Operating System - HP-UX
1748256 Members
4058 Online
108760 Solutions
New Discussion юеВ

Re: NFS lockd issue 11iv3 & redhat linux AS

 
SOLVED
Go to solution
wvsa
Regular Advisor

NFS lockd issue 11iv3 & redhat linux AS

Good afternoon all;

Having a strange problem with NFS. We have a rx6600 mounting two directories to a redhat linux server.
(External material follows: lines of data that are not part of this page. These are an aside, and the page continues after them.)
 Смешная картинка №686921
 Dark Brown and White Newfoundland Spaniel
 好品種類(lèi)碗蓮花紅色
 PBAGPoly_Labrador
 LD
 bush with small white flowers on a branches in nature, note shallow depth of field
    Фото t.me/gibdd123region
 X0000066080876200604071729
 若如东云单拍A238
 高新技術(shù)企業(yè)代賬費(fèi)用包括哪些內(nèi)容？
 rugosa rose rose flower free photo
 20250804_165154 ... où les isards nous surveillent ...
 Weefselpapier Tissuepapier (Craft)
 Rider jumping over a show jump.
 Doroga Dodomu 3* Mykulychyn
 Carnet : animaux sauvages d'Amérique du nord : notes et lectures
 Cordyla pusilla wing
Here are the dfstab mount options:

share -F nfs -o sec=sys,anon=0 /nsp_mart
share -F nfs -o sec=sys,anon=0 /sas_bi

On the redhat linux box we mount the directories as follows:

romans02:/nsp_mart /nsp_mart nfs bg,soft 0 0

romans02:/sas_bi /sas_bi nfs bg,soft 0 0


With these options I can log on as a user and read and write a file under the /nsp_mart directory.

However in running a application (SAS) the application hangs when it attempts to open or write a file to directories under /nsp_mart.

The SAS application will work if it is run in the following manner:

sas -filelocks none

Should mention that SAS is run from the redhat linux server and is attempting to read and write files to the /nsp_mart directory. At any rate when the -filelocks none option is used all is well SAS writes and reads from the /nsp_mart directory.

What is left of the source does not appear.